Problem to work on → Every record below should be printed again exactly, with its pictures removed.

Image-text web data →

• • • •

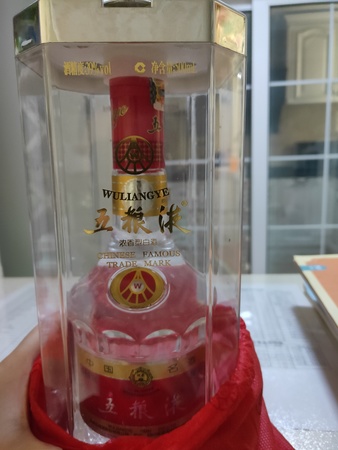 2007年39度五糧液價格(五糧液07年39度現在價格)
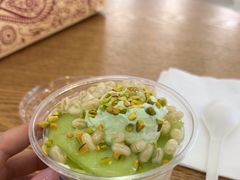 -Blueglass酸奶(财富购物中心店)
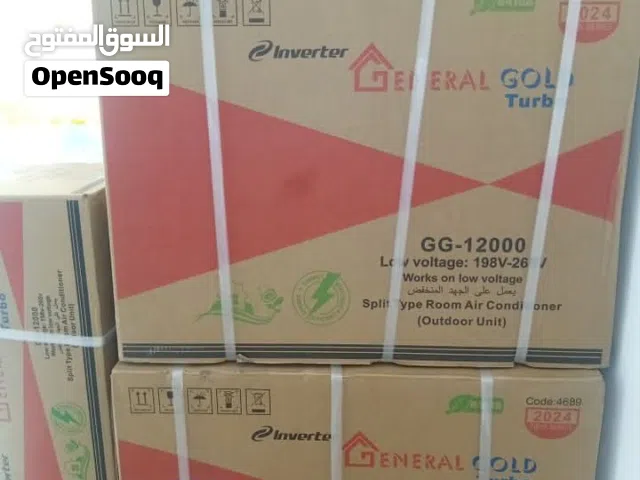 مكيفات جنرال قولد توصيل داخل طرابلس لفه نحاس محركات الكبيرة الاصلية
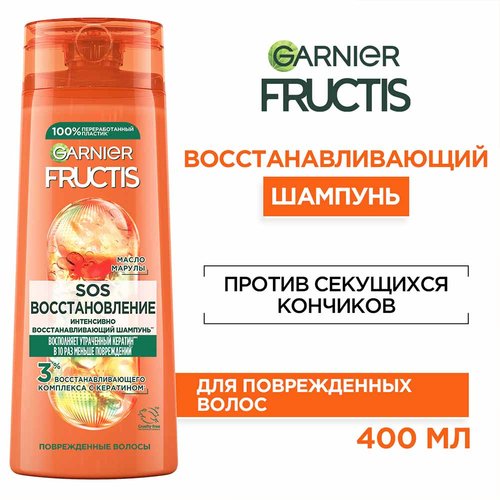 Шампунь SOS Восстановление Fructis Garnier 400 мл: купить у ритейлеров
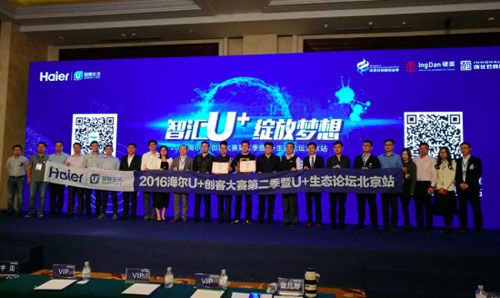 ����U+��(chu��ng)�ʹ�ِ�ڶ���������(ch��ng)���B(t��i)Փ�� ����(chu��ng)�ǻۼ�ͥ�r(sh��)��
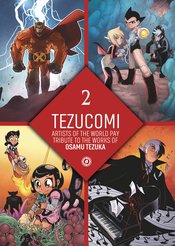 TEZUCOMI HC Thumbnail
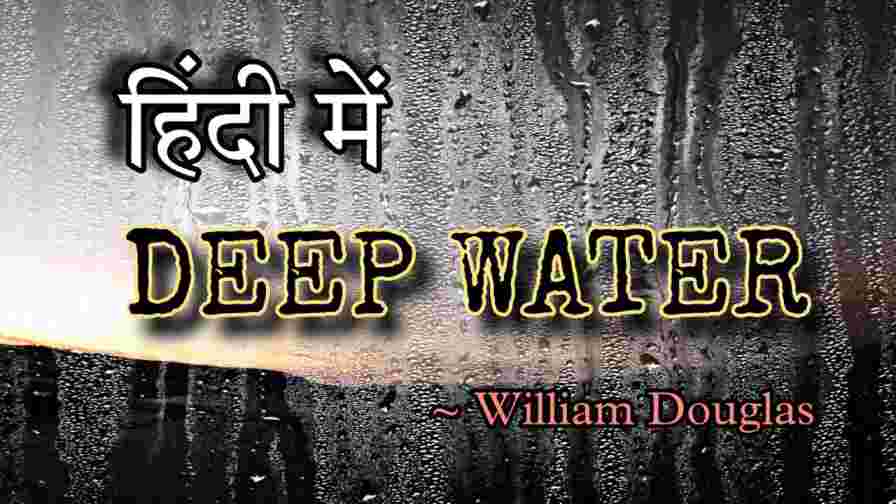 deep water class12 deep water class 12 summary hindi deep water summary class 12 class 12 flamingo chapter 3 summary, Deep water class 12 summary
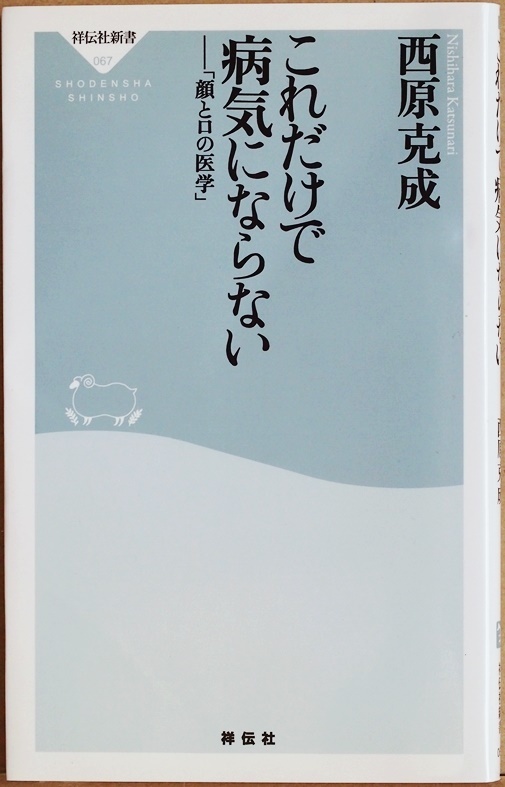 ★送料無料★ 『これだけで病気にならない』 「顔と口の医学」 西原克成 病原菌は口から入り細胞に感染 鼻呼吸 腸内細菌 善玉菌 新書拍卖
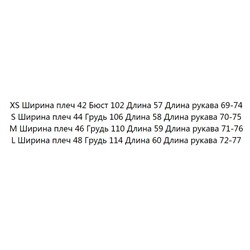 Тонкая повседневная рубашка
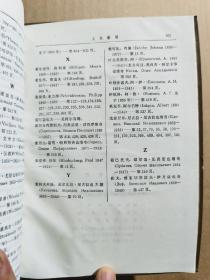 《列宁选集》四卷本全，软精装软薄纸版（比硬精装版轻薄约一半，内容和页数不变），1972年2版1印。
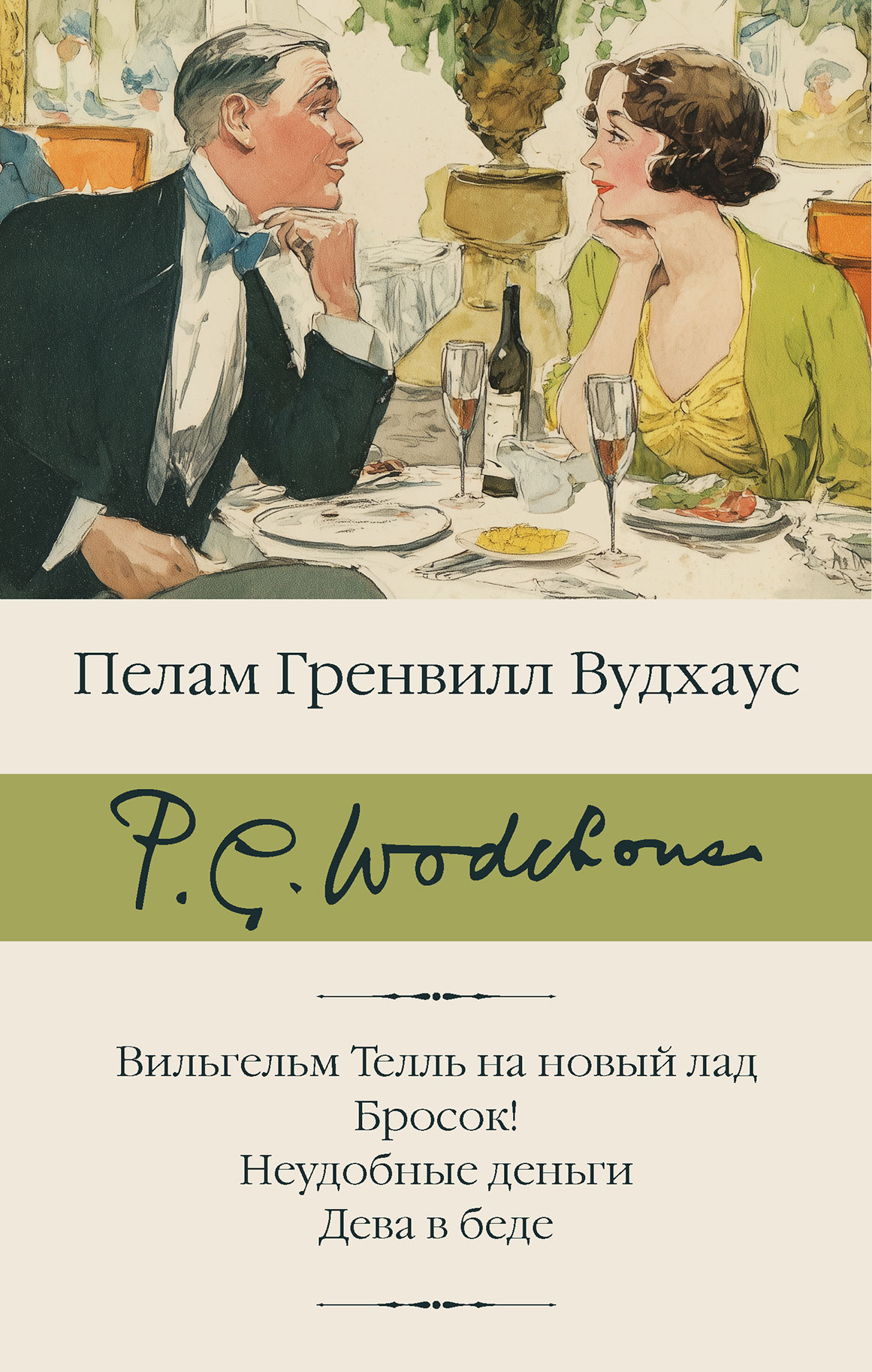 Вильгельм Телль на новый лад. Бросок! Неудобные деньги. Дева в беде - Пэлем Грэнвилл Вудхауз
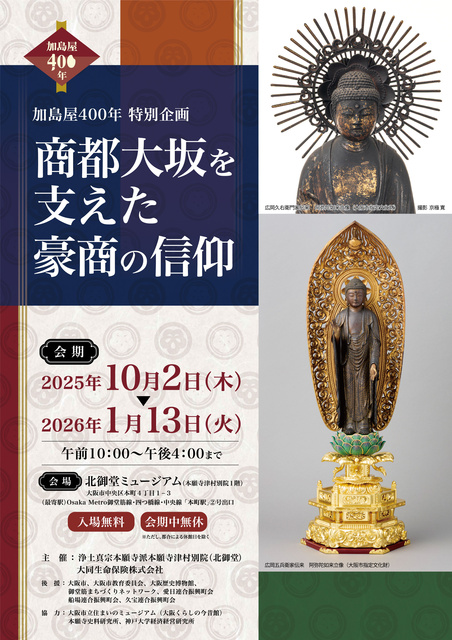 北御堂ミュージアム特別企画展 加島屋400年「商都・大坂を支えた豪商と信仰」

• • • •

Exercise response →
 2007年39度五糧液價格(五糧液07年39度現在價格)
 -Blueglass酸奶(财富购物中心店)
 مكيفات جنرال قولد توصيل داخل طرابلس لفه نحاس محركات الكبيرة الاصلية
 Шампунь SOS Восстановление Fructis Garnier 400 мл: купить у ритейлеров
 ����U+��(chu��ng)�ʹ�ِ�ڶ���������(ch��ng)���B(t��i)Փ�� ����(chu��ng)�ǻۼ�ͥ�r(sh��)��
 TEZUCOMI HC Thumbnail
 deep water class12 deep water class 12 summary hindi deep water summary class 12 class 12 flamingo chapter 3 summary, Deep water class 12 summary
 ★送料無料★ 『これだけで病気にならない』 「顔と口の医学」 西原克成 病原菌は口から入り細胞に感染 鼻呼吸 腸内細菌 善玉菌 新書拍卖
 Тонкая повседневная рубашка
 《列宁选集》四卷本全，软精装软薄纸版（比硬精装版轻薄约一半，内容和页数不变），1972年2版1印。
 Вильгельм Телль на новый лад. Бросок! Неудобные деньги. Дева в беде - Пэлем Грэнвилл Вудхауз
 北御堂ミュージアム特別企画展 加島屋400年「商都・大坂を支えた豪商と信仰」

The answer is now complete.